Segment Open

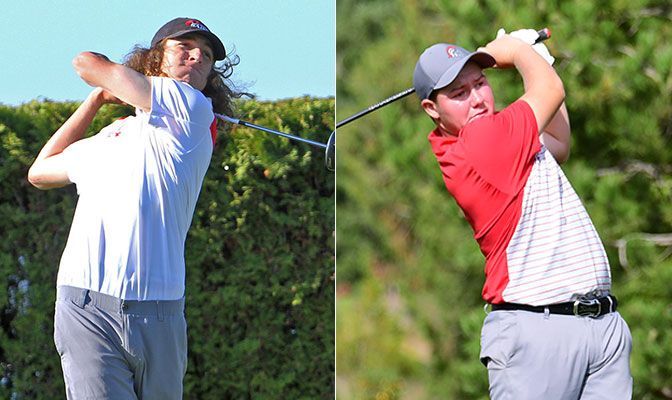 Tyler Fitchett (left) and Max Turnquist led the Saints at the Saint Martin's Regional Preview, finishing tied for seventh place at 1-over-par 145.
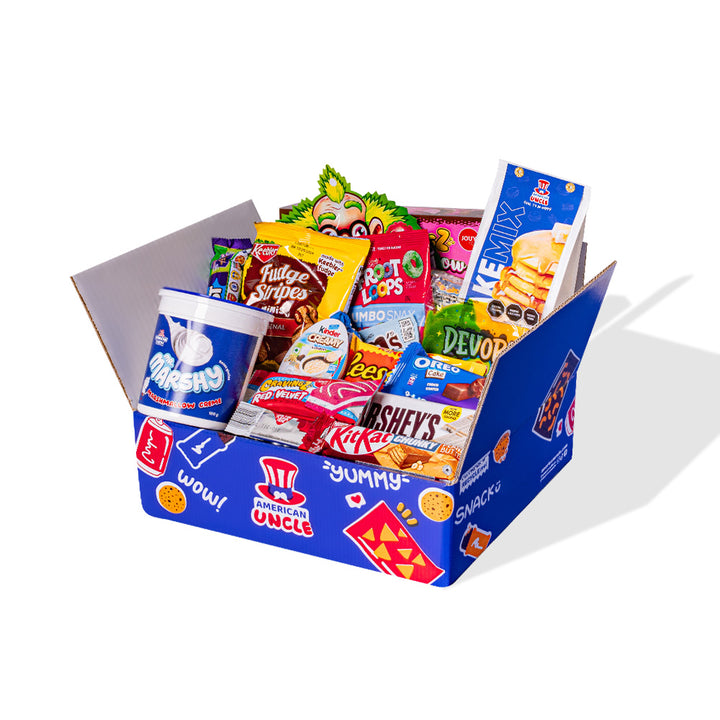 Snack box doux d'au moins 20 produits internationaux 
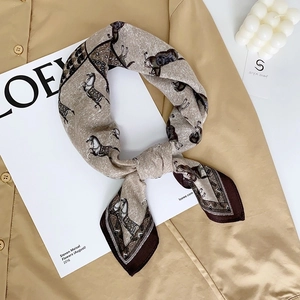 British style horse print silk scarf in classic four-grid color block pattern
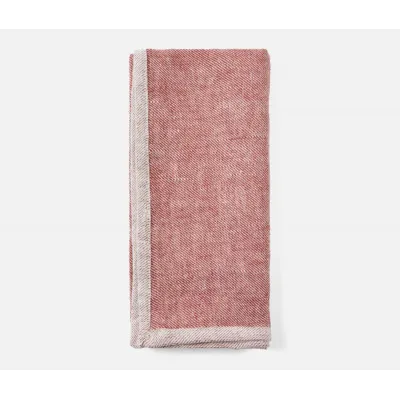 Gianna Maroon/White Kitchen Towel Linen 20" x 28", Pack of 2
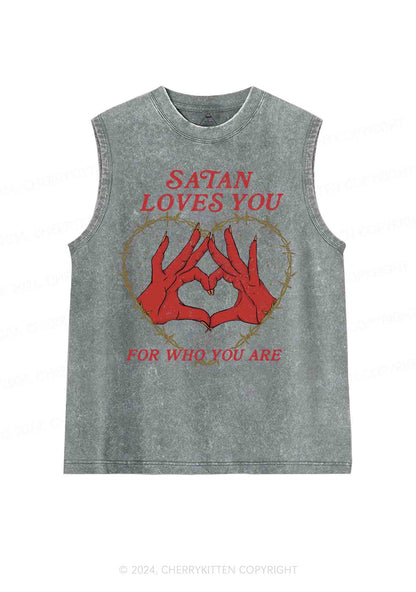 Satan Loves You Heart Halloween Y2K Washed Tank Cherrykitten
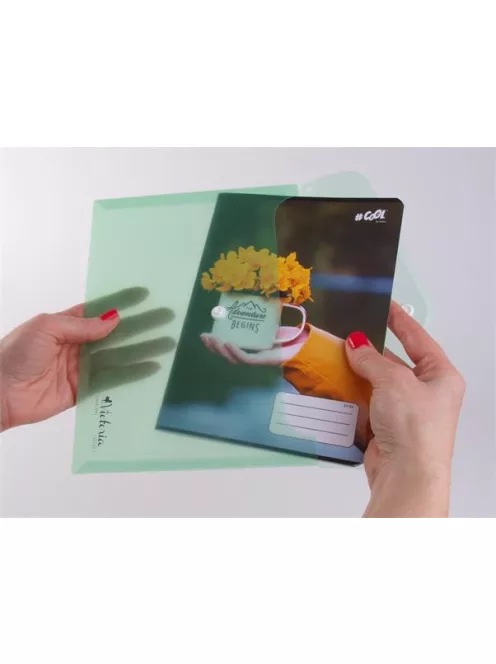 Irattartó tasak, A5, PP, patentos, VICTORIA OFFICE, zöld (IDITA5Z)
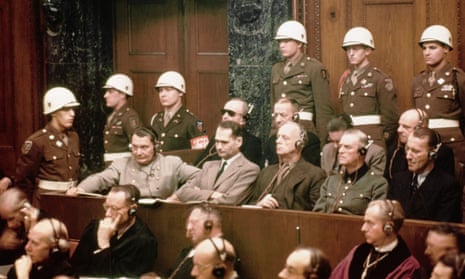 Hermann Goering and Rudolf Hess, both far left, at Nuremberg.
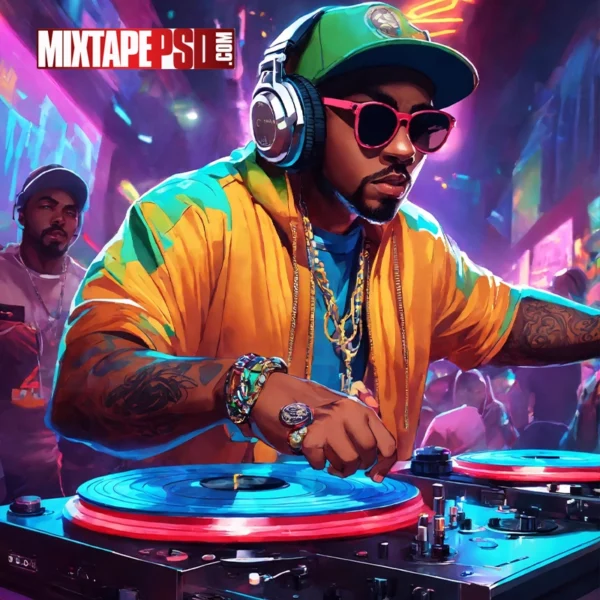 Cartoonish hip hop deejay with turntables in a club 3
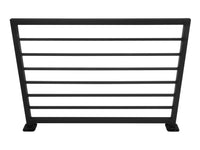 Modern Horizontal Iron Railings - 1.5" x 1.5" Posts, 0.5" x 1" Pickets with Flat Black Finish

Segment Closed

■ Task statement: An exact printout of the entries is wanted, covering the first line through the line holding "Satan Loves You", with pictures kept out of it.

■ Solution below:
 Tyler Fitchett (left) and Max Turnquist led the Saints at the Saint Martin's Regional Preview, finishing tied for seventh place at 1-over-par 145.
 Snack box doux d'au moins 20 produits internationaux 
 British style horse print silk scarf in classic four-grid color block pattern
 Gianna Maroon/White Kitchen Towel Linen 20" x 28", Pack of 2
 Satan Loves You Heart Halloween Y2K Washed Tank Cherrykitten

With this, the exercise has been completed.